The proposal to change the name of J.E.B. Stuart High School presents the Fairfax County School Board, in fact the entire community and nation, with a teachable moment.
The school board adopted Regulation 8170.7 requiring “sufficient support” and “some compelling need” for a school name change. “Sufficient support” is not defined, nor is “compelling need,” but it is clear, through surveys, that the majority of the Stuart community and the student body do not support a name change. Equally important, the J.E.B. Stuart High School’s Parent Teacher Student Association, service clubs and booster clubs have not stepped forward to support a change.
The most important fact is that no “compelling need” has been demonstrated. Apparently, there are a few offended community members, but no one has suggested that the learning environment has been harmed because of the name of the school. Stuart’s enrollment is about half Hispanic, 23 percent non-Hispanic white (including a strong Arab component), 14 percent Asian and 10 percent black (many of them from other countries), and for years the school’s diversity and international flavor have been celebrated with its challenging International Baccalaureate curriculum.
Changing the name of this high school has been estimated to cost between $750,000 and $1 million. I don’t think spending that money on changing the name is a good use of funds when budget difficulties have resulted in students being slapped with activity fees, teaching positions being eliminated and class sizes growing ever larger. It also would send an unwelcome message to the Virginia General Assembly that Fairfax County is more interested in spending money for name changes than for student development.

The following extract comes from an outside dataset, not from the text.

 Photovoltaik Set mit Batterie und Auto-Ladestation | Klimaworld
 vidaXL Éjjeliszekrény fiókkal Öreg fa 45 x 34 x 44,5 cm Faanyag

Then there is the matter of J.E.B. Stuart himself. There is no historical research and no posthumous war crime declaration that would lead anyone to find a compelling reason to change the name of the school. James Ewell Brown Stuart was a Virginian and a graduate of the U.S. Military Academy who became a highly regarded cavalry officer and tactician. Before the Civil War, he was part of an Army effort to stop the fighting in “Bleeding Kansas” and defended abolitionist settlers warring with their pro-slavery opponents. His role was celebrated in the movie “Santa Fe Trail,” in which he was portrayed by Errol Flynn.
Stuart inherited two slaves but freed them in 1859. He opposed secession, but he sided with his native state when war broke out, as did many other Virginia officers. He was 31 and a Confederate general when he died from wounds suffered in battle. His military prowess still is widely acclaimed. A saber hook he devloped (U.S. patent No. 25,684 A) was used by armies across the globe. And so renowned was his military genius, even internationally, that British M3 and M5 tanks used in World War II were nicknamed “Stuart tanks” in his honor.
Stuart is part of our complicated past. His role is something that can be discussed rationally and understood in the context of real history, not presumptions projected on him by people living 150 years later.
In considering the renaming of its schools, the Fairfax County School Board must adhere to its stated criteria. If it ignores the “compelling need” criterion, the school board would create division and mistrust rather than unity and support. Some have suggested that it might as well be called “Hitler High.” Such hyperbole has added too much emotion, yielded too few facts and intimidated students.
Forcing a change the majority of the community has not embraced would create unwelcome precedents. Removing Stuart’s name would most certainly lead to removing the names of Confederate Gen. Robert E. Lee and Confederate Col. John Mosby from their respective schools. Where would it end?
Not caving in to the views of a few can serve as a model to handle controversies that are breaking out throughout the South over statues, memorials, parks and institutions named for Confederate leaders. Let’s take a lead from other educational institutions with complex legacies, such as Princeton and the University of Virginia.
Rather than ignore history, let this be a moment when we teach students, the community and the nation that the life and history of a bygone leader and our complex state and county histories needn’t be reduced to crass politics and sound bites and can be tools to promote reconciliation, education and, most important, love of our unique country and each other.